ENGLAND’S GENERAL Teaching Council could be scaled down to a board of just 12 members, The TES can reveal.

The council, which currently has 64 seats, will start considering a review of its size next September, in response to a 2005 Audit Commission report that deemed it too large.

The news comes as nominations open for next year’s GTC elections, which are held every four years. Teachers who are voted in will determine changes to the council’s make-up, which would come into effect from 2012.

Judy Moorhouse, chair of the GTC, has said the council could be reduced to a “very minimum of 12”.

She said: “We would have to decide who would appoint it and who would actually do the huge amount of work that the GTC is doing.”

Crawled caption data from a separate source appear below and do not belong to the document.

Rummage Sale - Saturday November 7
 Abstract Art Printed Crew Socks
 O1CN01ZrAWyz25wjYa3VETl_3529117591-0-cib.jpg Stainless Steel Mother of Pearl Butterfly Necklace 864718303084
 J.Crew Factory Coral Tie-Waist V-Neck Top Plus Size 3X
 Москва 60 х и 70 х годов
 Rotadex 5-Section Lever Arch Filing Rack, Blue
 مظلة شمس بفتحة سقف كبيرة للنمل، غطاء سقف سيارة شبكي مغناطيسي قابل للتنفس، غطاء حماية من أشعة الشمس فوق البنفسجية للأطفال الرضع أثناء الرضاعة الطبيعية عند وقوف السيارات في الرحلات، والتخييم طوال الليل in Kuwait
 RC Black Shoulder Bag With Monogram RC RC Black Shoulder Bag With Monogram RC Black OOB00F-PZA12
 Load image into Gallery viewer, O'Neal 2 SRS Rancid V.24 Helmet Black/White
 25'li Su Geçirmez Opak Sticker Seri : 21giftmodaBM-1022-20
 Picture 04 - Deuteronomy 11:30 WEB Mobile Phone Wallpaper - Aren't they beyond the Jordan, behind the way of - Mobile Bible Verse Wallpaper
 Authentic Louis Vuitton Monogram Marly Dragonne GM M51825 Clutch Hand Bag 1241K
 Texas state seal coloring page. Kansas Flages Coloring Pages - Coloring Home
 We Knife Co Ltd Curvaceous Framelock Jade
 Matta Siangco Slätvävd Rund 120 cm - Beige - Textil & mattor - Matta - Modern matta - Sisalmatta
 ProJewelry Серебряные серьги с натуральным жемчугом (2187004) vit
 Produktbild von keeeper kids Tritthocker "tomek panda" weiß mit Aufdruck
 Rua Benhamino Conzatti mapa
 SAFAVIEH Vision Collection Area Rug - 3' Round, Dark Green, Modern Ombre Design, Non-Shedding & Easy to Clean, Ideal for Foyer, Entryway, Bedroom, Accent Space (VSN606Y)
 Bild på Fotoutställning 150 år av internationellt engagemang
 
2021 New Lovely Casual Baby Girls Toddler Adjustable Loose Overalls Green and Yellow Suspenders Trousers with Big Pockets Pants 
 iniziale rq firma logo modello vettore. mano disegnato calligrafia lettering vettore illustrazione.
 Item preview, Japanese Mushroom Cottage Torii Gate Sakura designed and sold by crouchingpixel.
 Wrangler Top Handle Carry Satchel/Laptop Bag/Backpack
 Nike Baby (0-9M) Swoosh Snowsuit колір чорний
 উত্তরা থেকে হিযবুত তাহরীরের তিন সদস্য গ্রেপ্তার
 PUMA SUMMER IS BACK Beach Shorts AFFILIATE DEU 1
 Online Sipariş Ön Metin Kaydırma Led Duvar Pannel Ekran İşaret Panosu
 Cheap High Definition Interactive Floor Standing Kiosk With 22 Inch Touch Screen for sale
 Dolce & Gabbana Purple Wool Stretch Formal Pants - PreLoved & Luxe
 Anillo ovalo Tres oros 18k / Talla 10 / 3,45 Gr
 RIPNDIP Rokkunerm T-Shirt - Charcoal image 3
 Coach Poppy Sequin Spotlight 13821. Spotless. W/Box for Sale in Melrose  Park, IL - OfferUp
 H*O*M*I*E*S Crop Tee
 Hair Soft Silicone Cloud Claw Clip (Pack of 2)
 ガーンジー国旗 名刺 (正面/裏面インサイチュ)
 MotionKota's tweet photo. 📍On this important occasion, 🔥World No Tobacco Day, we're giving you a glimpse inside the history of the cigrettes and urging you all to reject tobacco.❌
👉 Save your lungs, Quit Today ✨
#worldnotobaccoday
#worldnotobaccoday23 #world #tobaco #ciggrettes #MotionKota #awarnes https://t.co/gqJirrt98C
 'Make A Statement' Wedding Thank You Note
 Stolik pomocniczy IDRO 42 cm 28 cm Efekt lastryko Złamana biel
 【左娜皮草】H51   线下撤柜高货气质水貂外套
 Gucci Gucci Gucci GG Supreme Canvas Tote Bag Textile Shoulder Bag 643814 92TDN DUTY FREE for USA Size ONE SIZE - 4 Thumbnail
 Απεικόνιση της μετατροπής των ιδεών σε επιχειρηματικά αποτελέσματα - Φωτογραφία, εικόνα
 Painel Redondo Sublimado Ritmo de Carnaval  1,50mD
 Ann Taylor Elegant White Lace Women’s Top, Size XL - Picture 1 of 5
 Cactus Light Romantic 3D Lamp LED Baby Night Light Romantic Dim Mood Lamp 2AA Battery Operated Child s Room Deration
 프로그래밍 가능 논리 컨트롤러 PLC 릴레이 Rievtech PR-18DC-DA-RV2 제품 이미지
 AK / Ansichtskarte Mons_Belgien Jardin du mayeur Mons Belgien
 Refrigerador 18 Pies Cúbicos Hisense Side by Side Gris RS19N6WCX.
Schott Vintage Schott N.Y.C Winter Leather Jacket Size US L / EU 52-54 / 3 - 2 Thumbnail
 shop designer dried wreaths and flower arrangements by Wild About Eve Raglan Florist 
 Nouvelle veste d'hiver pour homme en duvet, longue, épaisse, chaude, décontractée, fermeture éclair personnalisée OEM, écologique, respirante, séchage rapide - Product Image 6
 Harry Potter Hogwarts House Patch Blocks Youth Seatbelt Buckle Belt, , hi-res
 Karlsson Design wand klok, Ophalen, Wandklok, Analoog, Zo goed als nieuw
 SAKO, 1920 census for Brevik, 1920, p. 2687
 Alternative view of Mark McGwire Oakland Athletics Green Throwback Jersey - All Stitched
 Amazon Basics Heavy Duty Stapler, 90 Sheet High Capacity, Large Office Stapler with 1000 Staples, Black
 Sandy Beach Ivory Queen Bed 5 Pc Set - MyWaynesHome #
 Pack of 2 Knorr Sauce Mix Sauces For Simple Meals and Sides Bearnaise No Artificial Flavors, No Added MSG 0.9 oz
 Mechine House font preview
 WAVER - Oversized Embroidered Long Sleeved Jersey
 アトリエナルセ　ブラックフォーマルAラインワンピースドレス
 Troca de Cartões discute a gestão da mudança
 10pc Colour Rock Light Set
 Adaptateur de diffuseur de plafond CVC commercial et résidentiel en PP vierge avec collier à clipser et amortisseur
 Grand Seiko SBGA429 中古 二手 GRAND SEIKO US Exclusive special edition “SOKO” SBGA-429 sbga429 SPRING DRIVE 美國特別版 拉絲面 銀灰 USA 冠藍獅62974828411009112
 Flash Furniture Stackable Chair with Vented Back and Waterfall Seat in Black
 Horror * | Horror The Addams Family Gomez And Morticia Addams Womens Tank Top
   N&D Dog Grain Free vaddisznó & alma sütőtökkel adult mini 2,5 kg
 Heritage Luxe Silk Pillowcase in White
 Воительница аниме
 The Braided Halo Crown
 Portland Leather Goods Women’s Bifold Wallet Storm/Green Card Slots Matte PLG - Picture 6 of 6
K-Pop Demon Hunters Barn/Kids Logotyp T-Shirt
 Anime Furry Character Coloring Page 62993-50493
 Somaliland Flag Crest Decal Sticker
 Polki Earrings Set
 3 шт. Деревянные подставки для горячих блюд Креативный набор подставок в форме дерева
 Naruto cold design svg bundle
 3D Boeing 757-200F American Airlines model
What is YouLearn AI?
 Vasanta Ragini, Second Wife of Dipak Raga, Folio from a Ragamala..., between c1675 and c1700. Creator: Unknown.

Nothing had been decided yet, she said, and any eventual recommendations would have to be approved by Parliament.

Chris Keates, general secretary of the NASUWT teachers’ union, said it did not matter how small the council became as long as it concentrated on its main regulatory functions.

The council is already trying to address the Audit Commission’s accusations of slow decision-making by introducing an executive committee with delegated powers. From this month this committee has the authority to make decisions between full council meetings. It will meet six times a year and the number of full council meetings will be reduced from four to three.

Richard Knights, a primary teacher from Merseyside, has announced his intention to stand on an openly abolitionist ticket in the elections, which will take place next February. “We can force the slimming down of what has become a bloated quango,” he said.

He added that he was fed up with long queues for disciplinary hearings, with teachers on silly charges that could be dealt with at a school level. Mr Knights said he had already been contacted by seven other teachers wishing to take a stand on a similar ticket, each of whom will have to find support from a proposer, a seconder and five others.

The GTC is hoping to boost its traditionally very low election turnout next year. Last time, in 2004, only around 10 per cent of teachers in the secondary sector voted. Online voting has since been introduced as a result. The registration fee to the council is pound;33.